Raw data:
################
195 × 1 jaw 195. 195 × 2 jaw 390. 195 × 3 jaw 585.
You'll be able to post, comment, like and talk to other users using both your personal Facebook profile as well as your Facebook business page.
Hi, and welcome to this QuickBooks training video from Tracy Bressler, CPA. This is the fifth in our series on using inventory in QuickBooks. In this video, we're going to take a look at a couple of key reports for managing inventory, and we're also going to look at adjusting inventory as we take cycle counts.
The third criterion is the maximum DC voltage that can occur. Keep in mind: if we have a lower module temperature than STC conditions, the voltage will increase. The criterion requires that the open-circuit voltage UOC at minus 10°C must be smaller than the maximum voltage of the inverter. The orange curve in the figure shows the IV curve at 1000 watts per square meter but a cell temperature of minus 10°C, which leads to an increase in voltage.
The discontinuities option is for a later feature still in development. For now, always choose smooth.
################
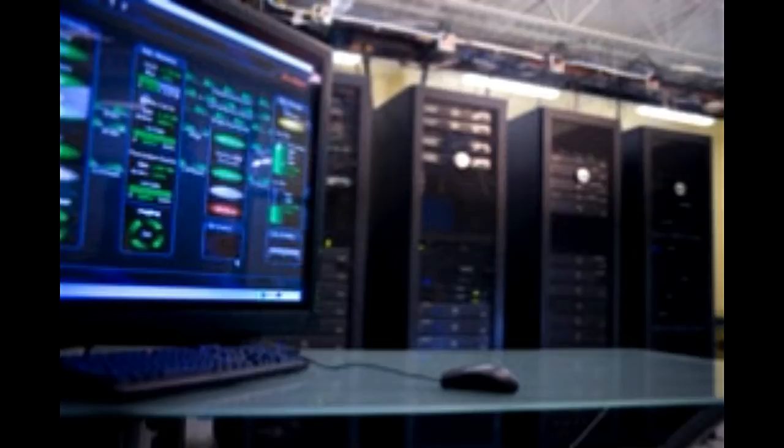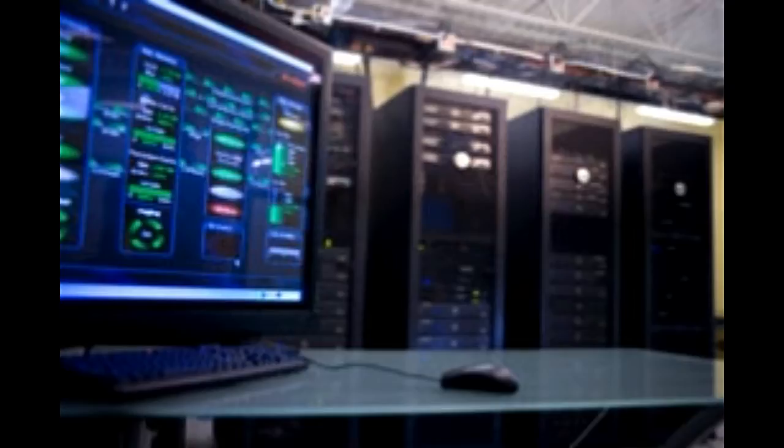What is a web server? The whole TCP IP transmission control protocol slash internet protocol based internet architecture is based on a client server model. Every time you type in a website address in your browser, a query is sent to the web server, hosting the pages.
################
What to produce: Copy down every line of the entries containing the word "using".

Answer below:
You'll be able to post, comment, like and talk to other users using both your personal Facebook profile as well as your Facebook business page.
Hi, and welcome to this QuickBooks training video from Tracy Bressler, CPA. This is the fifth in our series on using inventory in QuickBooks. In this video, we're going to take a look at a couple of key reports for managing inventory, and we're also going to look at adjusting inventory as we take cycle counts.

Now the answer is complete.